> **Exercise**: The answer is to be the lines below that lie between the line holding "Harris Walz 2024" and the line holding "Books on Politics", inclusive, transcribed exactly and free of pictures.

> **Given data**:
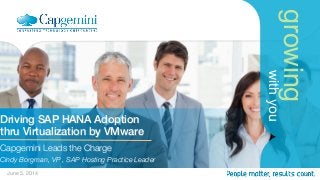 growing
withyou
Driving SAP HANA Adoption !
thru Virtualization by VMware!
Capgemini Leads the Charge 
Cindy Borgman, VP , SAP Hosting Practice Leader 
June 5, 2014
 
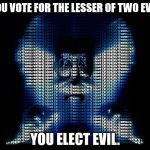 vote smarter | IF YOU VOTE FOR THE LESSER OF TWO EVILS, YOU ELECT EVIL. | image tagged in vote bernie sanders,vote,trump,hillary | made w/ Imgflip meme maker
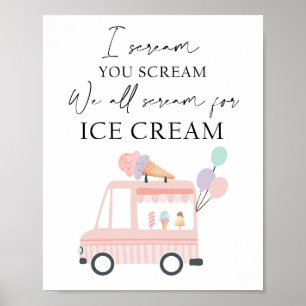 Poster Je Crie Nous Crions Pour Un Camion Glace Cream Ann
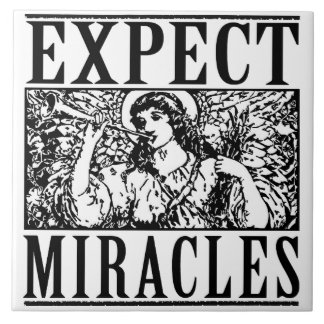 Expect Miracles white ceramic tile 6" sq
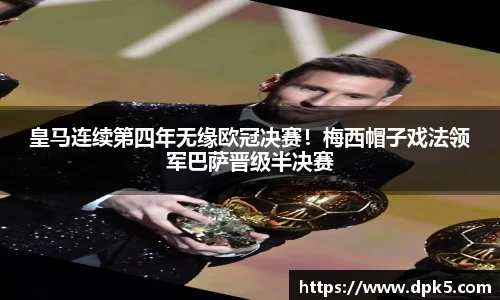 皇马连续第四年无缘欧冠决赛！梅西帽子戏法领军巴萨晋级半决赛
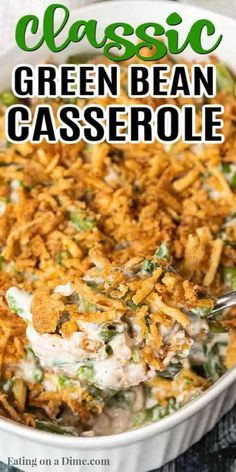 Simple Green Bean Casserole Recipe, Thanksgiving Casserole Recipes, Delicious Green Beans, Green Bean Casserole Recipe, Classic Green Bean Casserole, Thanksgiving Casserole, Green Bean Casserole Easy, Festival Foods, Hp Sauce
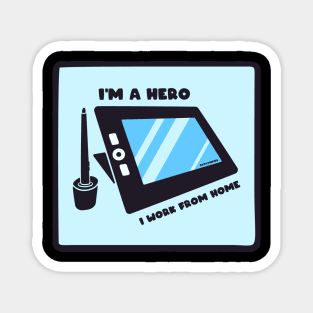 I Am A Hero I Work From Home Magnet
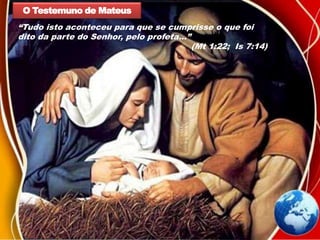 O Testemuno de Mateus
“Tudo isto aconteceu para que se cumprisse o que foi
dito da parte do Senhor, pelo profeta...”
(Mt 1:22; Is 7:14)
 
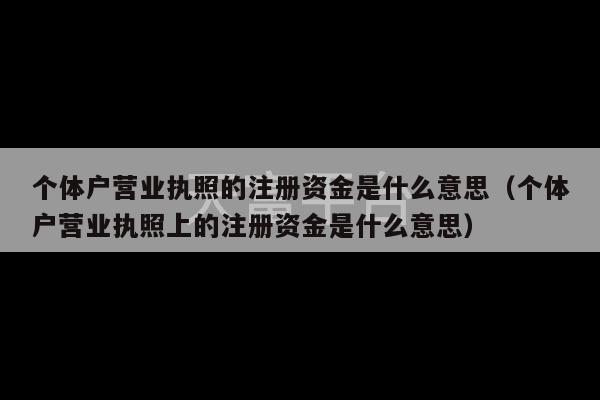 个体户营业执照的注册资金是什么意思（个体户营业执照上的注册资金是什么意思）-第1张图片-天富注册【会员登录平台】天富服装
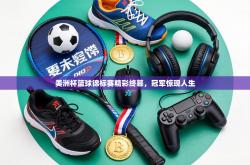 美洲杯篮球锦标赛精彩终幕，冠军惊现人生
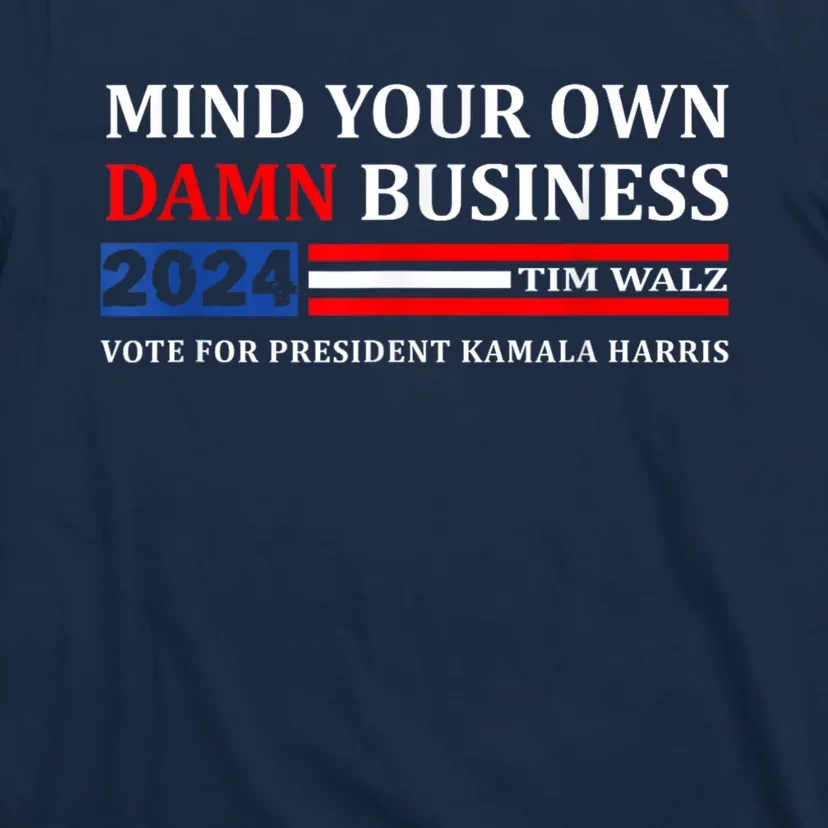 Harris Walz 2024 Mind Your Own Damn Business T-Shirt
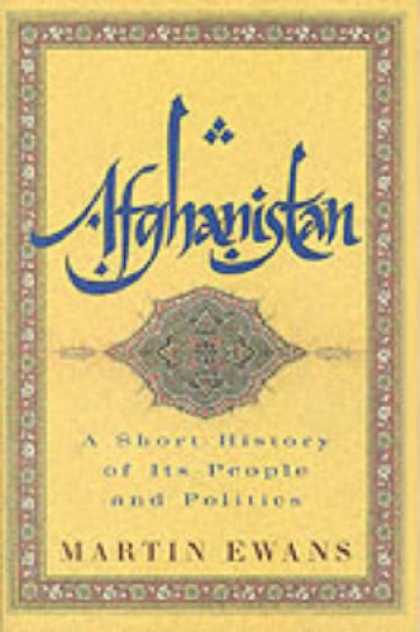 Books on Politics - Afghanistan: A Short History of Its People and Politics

...

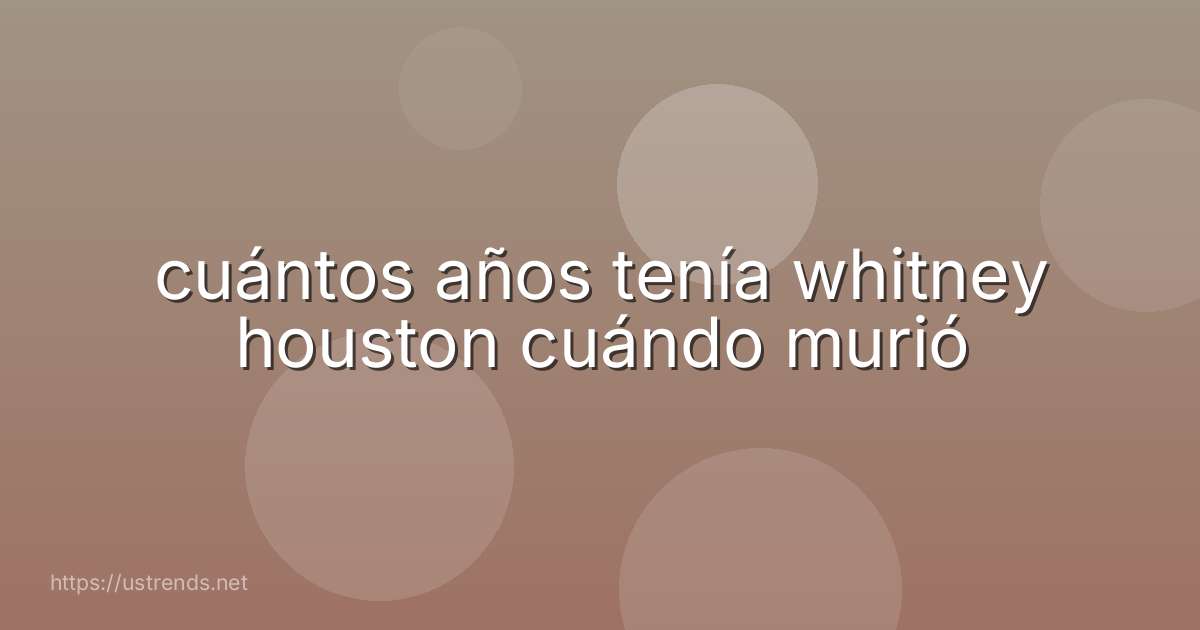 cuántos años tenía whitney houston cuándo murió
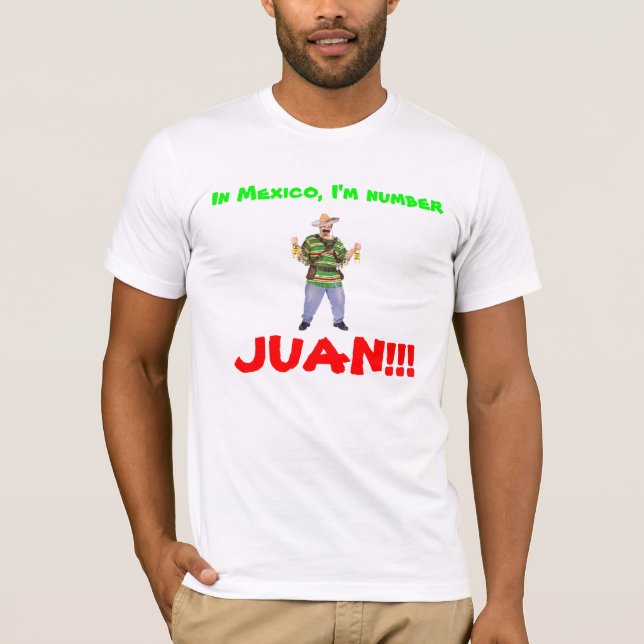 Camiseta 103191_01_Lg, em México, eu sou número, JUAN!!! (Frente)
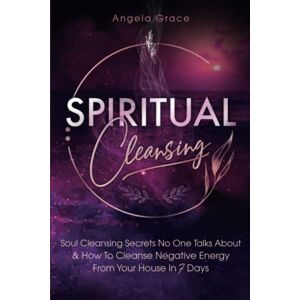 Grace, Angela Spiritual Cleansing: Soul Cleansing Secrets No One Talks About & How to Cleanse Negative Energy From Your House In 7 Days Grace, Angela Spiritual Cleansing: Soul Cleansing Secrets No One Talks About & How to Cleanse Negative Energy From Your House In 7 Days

> **Answer box**:
 Harris Walz 2024 Mind Your Own Damn Business T-Shirt
 Books on Politics - Afghanistan: A Short History of Its People and Politics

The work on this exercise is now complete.